Parafrasando il titolo dell’ottimo lavoro d’informazione svolto all’epoca della guerra nell’ex Jugoslavia da Paolo Rumiz che divenne un libro, si può catalogare il tardivo e pilotato arresto del macellaio di Srebrenica Mladic come l’ennesimo scambio che la politica della nuova Serbia gioca con la colpevolissima vecchia Unione Europea. Intenta oggi al politicamente corretto com’era ieri vile verso i massacri di civili, non solo quelli in stile Fosse Ardeatine perpetrati nell’enclave diventata lager, ma nel lunghissimo stillicidio di quattro anni di stragi urbane da Vukovar a Sarajevo. Tutto questo permetteva lo smembramento della Jugoslavia, odiato simulacro ancora vivente del parasocialismo della Confederazione, e soprattutto scavava la fossa al suo melting pot interetnico costruito con fatica in una zona secolarmente di frontiera fra civiltà autoctone e insediate. Certo la Jugoslavia cui la Ue diede la spallata era alla fine degli Ottanta un fragile vaso di coccio, divorato da crisi economica e inflazione. La stessa creatura titina era fondata su molte rimozioni e amnesie di un dopoguerra costretto a rilanciare la vita. Ma quale nazione dei due blocchi creati con Yalta non ebbe forzature?
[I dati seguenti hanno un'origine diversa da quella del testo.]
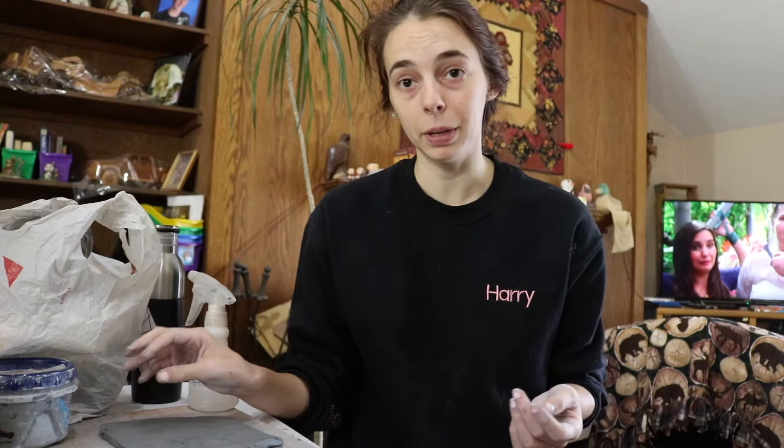I think this time it is going to be the Luna Moth — looks like this. I have some clay rolled out and I will be able to cut it out. So let's do that.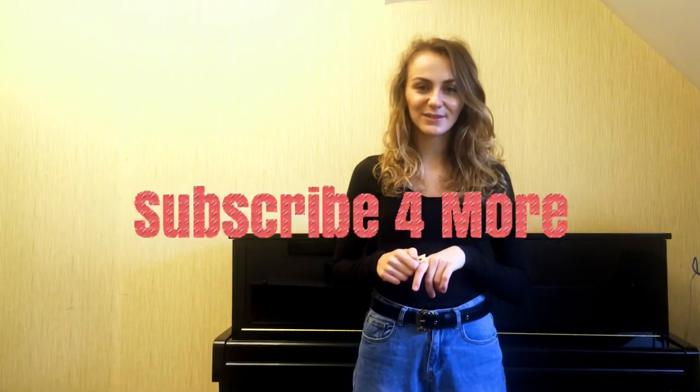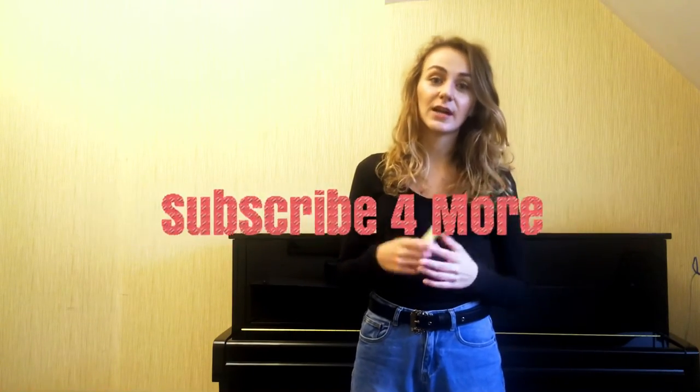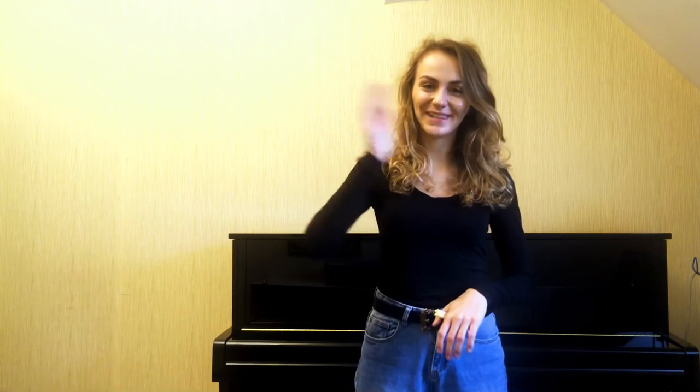Thank you for watching this video! If you liked it you can subscribe to my channel to see more videos. You can also visit me on Instagram where I'm going to do a 100 days of practice challenge. So support me and follow me, and see you in the next video! Bye!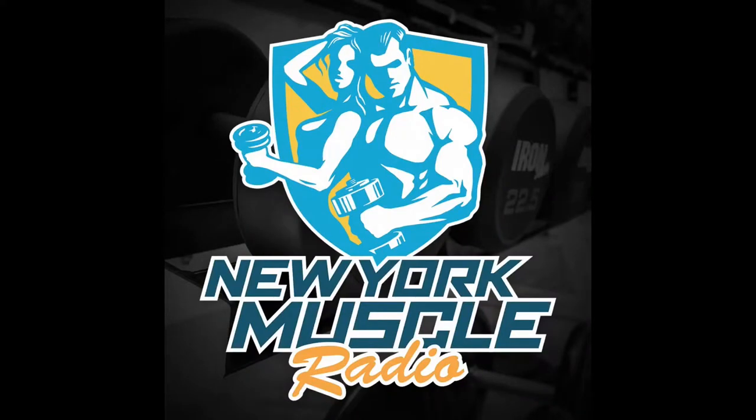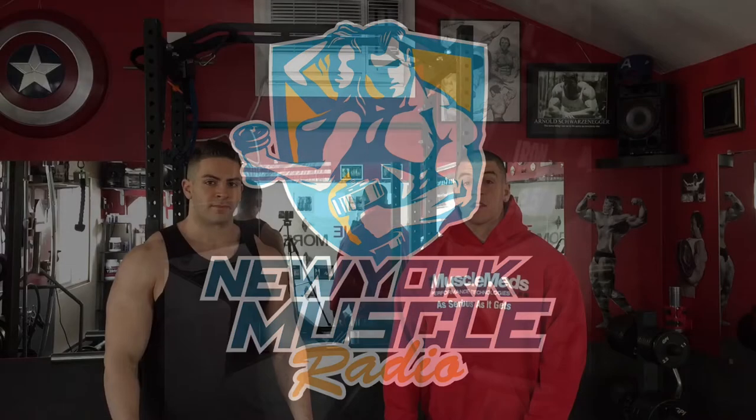New York's very own muscle building coaches Anthony Bevilacqua and Pete Kacharian proudly present New York Muscle Radio. What's up guys, Anthony and Pete here — New York Muscle Radio. Today I'm going to show you guys how to protect your shoulders.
Usare come fece l’Unione Europea – sospinta da Stati Uniti e dal Vaticano del Papa polacco – i Balcani e la caduta del Muro per il proprio lucro sistemico, mercantile e finanziario è stato il grande piano che l’Europa delle banche guidata politicamente da Helmut Kohl ha attuato favorendo l’atomizzazione fratricida della Jugoslavia. Si partì dal privilegiare gli egoismi efficientisti sloveni, per poi lasciare spazio al nazionalismo fascistoide di Tudjman e all’antistorico revanscismo della “Grande Serbia” che, in un satrapo come Milosevic, univa interessi di famiglia e smania di potere con la diffusa retorica patriottarda. I potenti d’Europa, per spartirsi i mercati legali di forza lavoro dell’est ex comunista e fare affari con quelli illegali della criminalità organizzata che hanno imperversato per anni e tutt’ora appestano l’area coi traffici di armi, droga, prostituzione, trasmigrazioni di migranti e rifugiati, seguirono la via segnata da Kohl di riportare i Balcani indietro nella storia. Così il modello capitalista a una dimensione diventava l’unica realtà che il vecchio continente ammetteva per l’ex blocco dell’est. Mentre s’incentivava la disgregazione senza altra soluzione che quella di staterelli manipolabili e succubi si chiudevano gli occhi di fronte alle criminali mattanze di Karadzic e Mladic, alle pulizie etniche dei generali di Tudjman quali Gotovina e di Izetbegovic come Oric.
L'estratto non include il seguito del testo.